Les pensées profondes et subtiles n’auraient pas de sens si elles ne se confrontaient pas à la dure réalité pratique, celle de l’élection présidentielle de 2017. Constatant l’éclatement et les difficultés des forces à gauche, J.-M. Le Guen sait en reconnaître les causes : « On pourrait presque croire que cet amour des divisions sans fin qui caractérisaient les groupuscules trotskistes et maoïstes a contaminé la gauche tout entière ». Lui n’est pas un archéo-débile, il sait bien que la politique gouvernementale ne saurait être la cause d’un quelconque problème.

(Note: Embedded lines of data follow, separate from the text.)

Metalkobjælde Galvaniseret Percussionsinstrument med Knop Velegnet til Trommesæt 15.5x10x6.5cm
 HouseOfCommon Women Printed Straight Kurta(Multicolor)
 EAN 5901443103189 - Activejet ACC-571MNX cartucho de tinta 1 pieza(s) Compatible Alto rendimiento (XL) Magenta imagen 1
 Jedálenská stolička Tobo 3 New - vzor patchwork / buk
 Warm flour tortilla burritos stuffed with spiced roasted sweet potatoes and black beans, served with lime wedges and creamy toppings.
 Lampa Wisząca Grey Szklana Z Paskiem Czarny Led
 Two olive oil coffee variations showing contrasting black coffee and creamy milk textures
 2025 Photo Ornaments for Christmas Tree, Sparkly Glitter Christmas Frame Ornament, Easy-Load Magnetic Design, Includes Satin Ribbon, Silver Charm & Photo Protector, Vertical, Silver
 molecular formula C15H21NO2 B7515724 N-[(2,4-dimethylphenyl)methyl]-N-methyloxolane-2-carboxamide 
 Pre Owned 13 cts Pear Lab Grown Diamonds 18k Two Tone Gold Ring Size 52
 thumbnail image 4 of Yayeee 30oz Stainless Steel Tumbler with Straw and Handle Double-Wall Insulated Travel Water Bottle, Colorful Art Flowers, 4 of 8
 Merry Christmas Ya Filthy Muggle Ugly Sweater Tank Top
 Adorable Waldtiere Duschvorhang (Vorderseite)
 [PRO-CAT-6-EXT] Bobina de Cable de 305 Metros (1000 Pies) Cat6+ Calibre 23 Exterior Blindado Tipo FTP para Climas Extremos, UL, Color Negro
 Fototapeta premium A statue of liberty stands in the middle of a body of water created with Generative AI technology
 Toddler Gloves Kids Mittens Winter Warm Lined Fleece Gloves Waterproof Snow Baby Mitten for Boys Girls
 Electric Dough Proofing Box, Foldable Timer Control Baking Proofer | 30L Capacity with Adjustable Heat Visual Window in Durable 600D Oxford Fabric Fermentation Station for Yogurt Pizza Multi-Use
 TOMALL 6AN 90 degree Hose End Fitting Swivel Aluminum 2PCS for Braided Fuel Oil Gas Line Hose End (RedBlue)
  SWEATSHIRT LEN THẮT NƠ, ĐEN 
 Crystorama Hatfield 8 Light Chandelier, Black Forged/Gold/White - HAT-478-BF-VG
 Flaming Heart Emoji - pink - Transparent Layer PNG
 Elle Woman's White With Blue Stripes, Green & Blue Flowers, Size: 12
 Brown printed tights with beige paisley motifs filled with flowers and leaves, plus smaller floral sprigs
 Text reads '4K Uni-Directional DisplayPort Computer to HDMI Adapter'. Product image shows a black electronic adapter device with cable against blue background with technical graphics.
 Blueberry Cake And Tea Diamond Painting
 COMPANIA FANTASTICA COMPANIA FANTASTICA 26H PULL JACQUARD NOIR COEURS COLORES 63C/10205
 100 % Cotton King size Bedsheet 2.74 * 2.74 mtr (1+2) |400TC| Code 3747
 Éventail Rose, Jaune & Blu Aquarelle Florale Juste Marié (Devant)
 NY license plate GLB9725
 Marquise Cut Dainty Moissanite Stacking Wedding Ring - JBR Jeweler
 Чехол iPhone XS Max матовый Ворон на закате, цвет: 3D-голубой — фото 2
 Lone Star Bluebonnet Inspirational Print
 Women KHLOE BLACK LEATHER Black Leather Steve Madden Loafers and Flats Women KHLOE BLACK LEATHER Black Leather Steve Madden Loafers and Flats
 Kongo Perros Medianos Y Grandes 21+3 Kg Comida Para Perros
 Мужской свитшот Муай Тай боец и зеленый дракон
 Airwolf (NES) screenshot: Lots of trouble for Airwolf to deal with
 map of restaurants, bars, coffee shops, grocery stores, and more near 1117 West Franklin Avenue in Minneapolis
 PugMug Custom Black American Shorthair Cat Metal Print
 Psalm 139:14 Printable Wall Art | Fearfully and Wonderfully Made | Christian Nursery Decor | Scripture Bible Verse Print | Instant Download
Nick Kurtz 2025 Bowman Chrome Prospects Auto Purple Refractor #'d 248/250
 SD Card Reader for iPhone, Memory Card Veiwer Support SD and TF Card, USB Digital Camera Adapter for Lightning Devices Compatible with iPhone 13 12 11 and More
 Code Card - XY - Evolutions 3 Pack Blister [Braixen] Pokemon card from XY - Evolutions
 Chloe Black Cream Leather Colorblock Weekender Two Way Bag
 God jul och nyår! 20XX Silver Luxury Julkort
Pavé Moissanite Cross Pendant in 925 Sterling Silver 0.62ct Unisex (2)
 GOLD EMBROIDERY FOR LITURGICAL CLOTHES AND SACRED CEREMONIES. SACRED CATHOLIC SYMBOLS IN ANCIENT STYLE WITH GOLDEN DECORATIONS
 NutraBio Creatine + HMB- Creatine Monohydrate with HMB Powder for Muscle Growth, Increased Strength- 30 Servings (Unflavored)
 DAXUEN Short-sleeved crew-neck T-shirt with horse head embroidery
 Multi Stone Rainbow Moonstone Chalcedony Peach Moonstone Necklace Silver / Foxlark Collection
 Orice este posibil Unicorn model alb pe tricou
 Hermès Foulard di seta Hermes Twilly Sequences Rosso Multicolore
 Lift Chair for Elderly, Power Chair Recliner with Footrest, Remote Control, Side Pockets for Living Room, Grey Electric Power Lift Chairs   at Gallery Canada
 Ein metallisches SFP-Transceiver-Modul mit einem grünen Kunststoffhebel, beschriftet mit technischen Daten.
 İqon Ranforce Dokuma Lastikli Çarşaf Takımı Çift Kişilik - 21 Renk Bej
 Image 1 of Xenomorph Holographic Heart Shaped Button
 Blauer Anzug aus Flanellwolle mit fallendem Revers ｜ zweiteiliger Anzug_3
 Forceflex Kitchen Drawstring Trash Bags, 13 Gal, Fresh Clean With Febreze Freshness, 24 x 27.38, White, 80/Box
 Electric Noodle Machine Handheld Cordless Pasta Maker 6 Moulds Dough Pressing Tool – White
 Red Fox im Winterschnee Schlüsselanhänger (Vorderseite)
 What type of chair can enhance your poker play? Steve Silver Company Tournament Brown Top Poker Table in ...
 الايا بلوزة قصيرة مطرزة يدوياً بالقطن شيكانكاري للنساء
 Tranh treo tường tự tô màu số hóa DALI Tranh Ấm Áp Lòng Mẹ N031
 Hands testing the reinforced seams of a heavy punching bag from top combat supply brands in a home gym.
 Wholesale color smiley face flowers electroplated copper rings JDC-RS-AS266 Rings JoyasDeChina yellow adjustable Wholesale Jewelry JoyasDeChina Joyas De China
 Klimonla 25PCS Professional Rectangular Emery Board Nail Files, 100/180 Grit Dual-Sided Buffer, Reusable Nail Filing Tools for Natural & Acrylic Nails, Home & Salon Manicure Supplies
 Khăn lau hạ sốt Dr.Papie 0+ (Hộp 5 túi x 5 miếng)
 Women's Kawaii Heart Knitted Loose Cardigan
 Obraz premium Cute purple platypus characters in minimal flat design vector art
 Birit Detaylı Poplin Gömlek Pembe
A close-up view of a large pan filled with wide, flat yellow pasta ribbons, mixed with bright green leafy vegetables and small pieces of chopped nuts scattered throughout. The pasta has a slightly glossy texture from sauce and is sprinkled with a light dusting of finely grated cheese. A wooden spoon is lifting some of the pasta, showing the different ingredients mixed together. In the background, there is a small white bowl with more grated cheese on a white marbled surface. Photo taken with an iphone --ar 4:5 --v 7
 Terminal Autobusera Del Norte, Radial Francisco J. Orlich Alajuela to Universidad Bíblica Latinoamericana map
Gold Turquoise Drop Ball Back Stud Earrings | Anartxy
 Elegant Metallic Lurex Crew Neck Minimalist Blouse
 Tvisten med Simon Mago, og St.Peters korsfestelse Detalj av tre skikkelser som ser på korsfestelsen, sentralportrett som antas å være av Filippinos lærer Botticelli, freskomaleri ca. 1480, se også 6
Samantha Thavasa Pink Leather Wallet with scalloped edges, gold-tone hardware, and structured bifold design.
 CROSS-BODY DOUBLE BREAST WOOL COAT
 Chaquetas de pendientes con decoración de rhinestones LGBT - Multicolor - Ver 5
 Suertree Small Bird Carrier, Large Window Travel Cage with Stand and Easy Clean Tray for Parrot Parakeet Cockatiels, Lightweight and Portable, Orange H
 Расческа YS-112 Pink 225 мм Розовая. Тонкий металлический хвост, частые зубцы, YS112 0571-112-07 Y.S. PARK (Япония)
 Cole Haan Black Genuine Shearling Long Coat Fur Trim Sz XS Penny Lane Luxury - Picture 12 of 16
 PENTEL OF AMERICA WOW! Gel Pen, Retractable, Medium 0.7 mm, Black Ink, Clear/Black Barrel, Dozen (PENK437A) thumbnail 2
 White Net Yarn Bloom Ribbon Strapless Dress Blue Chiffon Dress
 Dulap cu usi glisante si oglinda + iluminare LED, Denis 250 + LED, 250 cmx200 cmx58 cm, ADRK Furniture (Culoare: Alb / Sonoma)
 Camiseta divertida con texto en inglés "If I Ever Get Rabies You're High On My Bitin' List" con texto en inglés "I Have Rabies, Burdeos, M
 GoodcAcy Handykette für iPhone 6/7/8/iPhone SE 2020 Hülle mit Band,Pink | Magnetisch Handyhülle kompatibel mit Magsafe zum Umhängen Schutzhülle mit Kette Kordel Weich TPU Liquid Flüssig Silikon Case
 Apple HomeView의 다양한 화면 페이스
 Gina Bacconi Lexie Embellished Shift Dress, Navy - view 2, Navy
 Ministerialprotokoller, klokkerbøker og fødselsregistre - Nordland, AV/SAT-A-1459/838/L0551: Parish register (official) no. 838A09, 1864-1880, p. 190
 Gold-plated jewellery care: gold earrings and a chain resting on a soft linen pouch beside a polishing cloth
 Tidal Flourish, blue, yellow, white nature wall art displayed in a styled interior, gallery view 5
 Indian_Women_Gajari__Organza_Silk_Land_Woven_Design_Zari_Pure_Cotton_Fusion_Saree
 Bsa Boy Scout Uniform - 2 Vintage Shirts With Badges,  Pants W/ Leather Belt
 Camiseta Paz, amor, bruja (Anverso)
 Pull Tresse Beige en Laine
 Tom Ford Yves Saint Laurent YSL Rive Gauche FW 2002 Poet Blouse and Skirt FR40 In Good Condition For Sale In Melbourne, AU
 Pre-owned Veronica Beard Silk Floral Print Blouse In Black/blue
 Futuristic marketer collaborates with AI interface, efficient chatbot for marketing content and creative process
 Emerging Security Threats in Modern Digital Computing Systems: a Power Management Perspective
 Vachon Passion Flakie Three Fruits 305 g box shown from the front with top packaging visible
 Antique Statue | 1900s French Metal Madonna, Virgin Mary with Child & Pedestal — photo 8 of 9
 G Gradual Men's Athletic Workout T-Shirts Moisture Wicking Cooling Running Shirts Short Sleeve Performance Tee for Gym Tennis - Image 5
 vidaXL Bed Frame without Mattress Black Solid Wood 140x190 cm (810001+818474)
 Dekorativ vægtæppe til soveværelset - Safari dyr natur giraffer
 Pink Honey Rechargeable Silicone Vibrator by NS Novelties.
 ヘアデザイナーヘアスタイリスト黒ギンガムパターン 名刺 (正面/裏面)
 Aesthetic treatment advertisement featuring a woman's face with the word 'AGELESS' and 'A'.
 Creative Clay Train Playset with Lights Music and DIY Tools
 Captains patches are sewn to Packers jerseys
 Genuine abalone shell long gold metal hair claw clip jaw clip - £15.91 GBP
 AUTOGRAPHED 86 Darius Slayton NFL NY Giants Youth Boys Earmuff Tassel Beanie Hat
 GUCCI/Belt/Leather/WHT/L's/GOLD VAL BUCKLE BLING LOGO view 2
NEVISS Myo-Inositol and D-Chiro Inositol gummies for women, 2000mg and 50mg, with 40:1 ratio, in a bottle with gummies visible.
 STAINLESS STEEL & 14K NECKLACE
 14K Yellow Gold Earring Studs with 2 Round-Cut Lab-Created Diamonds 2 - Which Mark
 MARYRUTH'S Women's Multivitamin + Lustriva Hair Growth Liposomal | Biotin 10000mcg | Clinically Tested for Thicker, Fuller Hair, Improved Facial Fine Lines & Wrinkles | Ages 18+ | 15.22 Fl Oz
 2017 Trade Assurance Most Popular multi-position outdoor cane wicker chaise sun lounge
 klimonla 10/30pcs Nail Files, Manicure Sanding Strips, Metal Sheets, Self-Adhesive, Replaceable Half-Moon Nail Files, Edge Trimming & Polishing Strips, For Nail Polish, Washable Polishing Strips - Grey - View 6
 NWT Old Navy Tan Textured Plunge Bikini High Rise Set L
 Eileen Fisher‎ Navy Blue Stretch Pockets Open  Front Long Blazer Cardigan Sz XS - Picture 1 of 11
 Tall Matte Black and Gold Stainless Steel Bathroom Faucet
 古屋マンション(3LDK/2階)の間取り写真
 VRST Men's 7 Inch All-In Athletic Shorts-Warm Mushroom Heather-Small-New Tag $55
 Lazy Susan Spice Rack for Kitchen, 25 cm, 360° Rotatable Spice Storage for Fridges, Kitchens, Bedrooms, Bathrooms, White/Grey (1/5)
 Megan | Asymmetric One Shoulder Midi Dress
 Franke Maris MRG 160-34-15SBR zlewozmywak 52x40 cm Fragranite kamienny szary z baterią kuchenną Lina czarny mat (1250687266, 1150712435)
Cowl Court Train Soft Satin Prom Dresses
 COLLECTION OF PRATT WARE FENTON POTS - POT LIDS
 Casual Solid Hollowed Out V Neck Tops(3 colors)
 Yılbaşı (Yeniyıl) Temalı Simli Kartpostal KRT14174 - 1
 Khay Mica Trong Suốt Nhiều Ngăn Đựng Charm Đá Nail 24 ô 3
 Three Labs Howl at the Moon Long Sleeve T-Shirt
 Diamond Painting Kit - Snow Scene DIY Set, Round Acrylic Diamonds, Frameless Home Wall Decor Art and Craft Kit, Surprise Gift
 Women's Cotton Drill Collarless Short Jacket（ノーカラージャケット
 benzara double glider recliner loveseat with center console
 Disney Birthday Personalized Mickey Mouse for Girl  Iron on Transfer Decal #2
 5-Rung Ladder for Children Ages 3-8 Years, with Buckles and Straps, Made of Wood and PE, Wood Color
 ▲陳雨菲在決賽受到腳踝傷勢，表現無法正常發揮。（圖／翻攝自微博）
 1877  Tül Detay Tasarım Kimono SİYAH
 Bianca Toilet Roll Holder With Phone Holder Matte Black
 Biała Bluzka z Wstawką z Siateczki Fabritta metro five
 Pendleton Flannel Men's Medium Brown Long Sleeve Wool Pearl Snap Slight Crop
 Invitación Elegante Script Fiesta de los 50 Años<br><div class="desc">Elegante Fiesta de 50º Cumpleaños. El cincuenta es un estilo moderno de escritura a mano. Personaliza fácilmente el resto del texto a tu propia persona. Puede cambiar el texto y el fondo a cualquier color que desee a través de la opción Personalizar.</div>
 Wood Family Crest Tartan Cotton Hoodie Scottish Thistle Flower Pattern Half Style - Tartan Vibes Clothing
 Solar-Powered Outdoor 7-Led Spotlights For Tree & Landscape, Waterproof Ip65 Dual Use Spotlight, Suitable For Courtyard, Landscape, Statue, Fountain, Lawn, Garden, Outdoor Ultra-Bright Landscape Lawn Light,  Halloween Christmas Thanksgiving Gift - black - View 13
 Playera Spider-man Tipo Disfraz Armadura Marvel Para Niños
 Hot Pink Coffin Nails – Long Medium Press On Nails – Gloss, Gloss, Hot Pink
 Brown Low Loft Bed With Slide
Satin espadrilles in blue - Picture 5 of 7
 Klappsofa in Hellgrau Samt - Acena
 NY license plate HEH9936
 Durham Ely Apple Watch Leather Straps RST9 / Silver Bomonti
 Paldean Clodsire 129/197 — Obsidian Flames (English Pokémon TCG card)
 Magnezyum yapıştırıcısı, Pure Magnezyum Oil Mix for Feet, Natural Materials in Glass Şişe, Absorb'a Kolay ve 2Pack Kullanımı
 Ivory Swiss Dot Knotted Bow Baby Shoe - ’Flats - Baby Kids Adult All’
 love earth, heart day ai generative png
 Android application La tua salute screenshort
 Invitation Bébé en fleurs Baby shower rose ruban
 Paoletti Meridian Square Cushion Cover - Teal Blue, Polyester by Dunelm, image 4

Pourtant, face au danger du Front national, le rassemblement de toute la gauche derrière une candidature raisonnable ne lui paraît pas suffisante :« Face à cette menace, la droite comme la gauche continuent à se considérer et à se traiter comme irréductibles l’une à l’autre, alors même que chacun des camps sait qu’il devra compter sur le soutien de l’autre pour l’emporter au deuxième tour. Il y a dans cette hystérisation, cette « essentialisation » du clivage droite-gauche conforme aux habitudes récentes de notre théâtre politique une bonne dose d’hypocrisie et un certain degré d’irresponsabilité. Car, si la campagne de 2017 se déroule dans un climat d’affirmation agressive du clivage gauche-droite, il sera très difficile pour le candidat qualifié de surmonter l’aigreur, l’amertume des électeurs de l’autre camp » (Page 73).

Jean-Marie stratège

Rassembler la gauche ou dépasser le clivage gauche-droite, le problème semble insoluble. Heureusement, dans un renversement dialectique lumineux, notre phare de la pensée a la solution : « Mais je ne me résigne pas à cette division mortifère de la gauche. J’en appelle donc à un double dépassement simultané : celui du clivage droite-gauche dans le camp républicain, et celui des deux gauches dans une gauche rassemblée » (page 85). Unifier la gauche pour s’allier avec la droite, voilà la subtilité, le Front national promu seul opposant s’en frotte les mains d’avance. Car c’est bien d’un accord sur le fond qu’il s’agit, notre fin stratège a déjà pensé au programme commun des législatives : « Là encore, c’est donc bien l’hypothèse d’un front républicain qui se dessine. Dans les travaux parlementaires, il pourrait prendre la forme d’un compromis sur le socle programmatique des textes ayant vocation à être adoptés par la majorité républicaine des deux chambres. Mais, dès l’amont, il pourrait s’esquisser dans l’entre-deux-tours des législatives, puisque des désistements pour soutenir les candidats républicains les mieux placés seront forcément envisagés ».

On savait Jean-Marie Le Guen hargneux, on le connaissait approximatif sur sa gestion de la MNEF, sur ses déclarations de patrimoine, le voilà au moins limpide sur un projet de destruction de tout ce qui à fait la gauche dans ce pays depuis la Révolution française. Au delà des phrases creuses et prétentieuses, au-delà des perles fort nombreuses qui parsèment le livre, ce n’est pas de « Hé Oh la gauche », mais bien de « Au revoir la gauche » qu’il s’agit. Raison de plus pour dire adieu à Jean-Marie Le Guen, et à tous ses amis, dès 2017.

La gauche qui vient de Jean-Marie Le Guen, fondation Jean Jaurès, zéro euro.